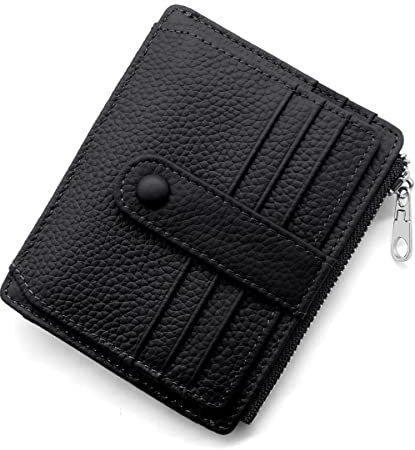 REETEE Porta Carte Credito Uomo e Donna RFID Blocco Portafoglio Sottile con Portamonete Vera Pelle Portacarte di Credito con Cerniera, Portacarte Uomo Slim con 14 Slot per Schede (Nero)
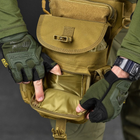 Поясна сумка з кріпленням на ногу Cordura 1000D з 5 кишенями розмір 30,5 x 12,5 x 22,8 см койот - зображення 6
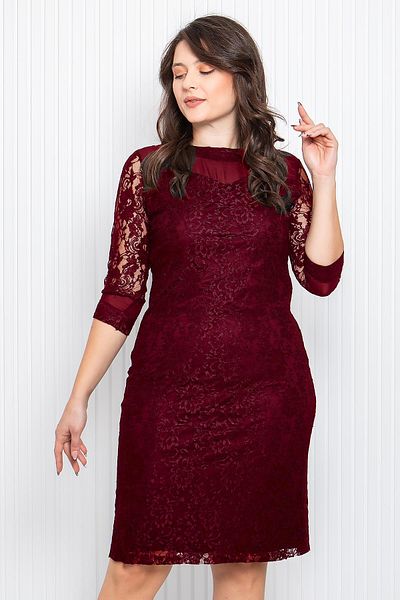 Modaviki Burgundy Lace Evening Dress - Mda3093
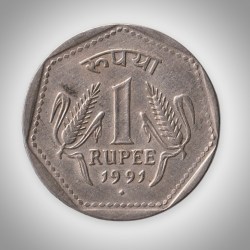 Rare 1 Rupee 1991 Republic of India Bombay Mint Coinage India Coin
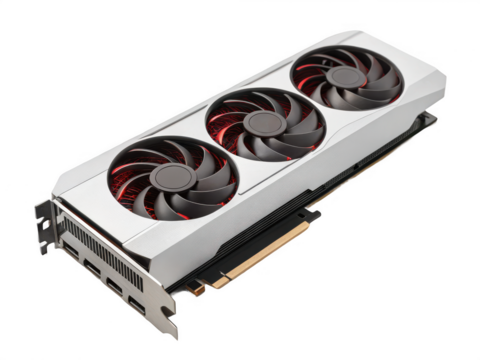 Gpu with three fans on top isolated on transparent background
○ ○ ○
▶ TASK TO COMPLETE
Return all of the entries exactly as written, but drop any pictures they hold.

▶ ANSWER FOR THE TASK
 REETEE Porta Carte Credito Uomo e Donna RFID Blocco Portafoglio Sottile con Portamonete Vera Pelle Portacarte di Credito con Cerniera, Portacarte Uomo Slim con 14 Slot per Schede (Nero)
 Поясна сумка з кріпленням на ногу Cordura 1000D з 5 кишенями розмір 30,5 x 12,5 x 22,8 см койот - зображення 6
 Modaviki Burgundy Lace Evening Dress - Mda3093
 Rare 1 Rupee 1991 Republic of India Bombay Mint Coinage India Coin
 Gpu with three fans on top isolated on transparent background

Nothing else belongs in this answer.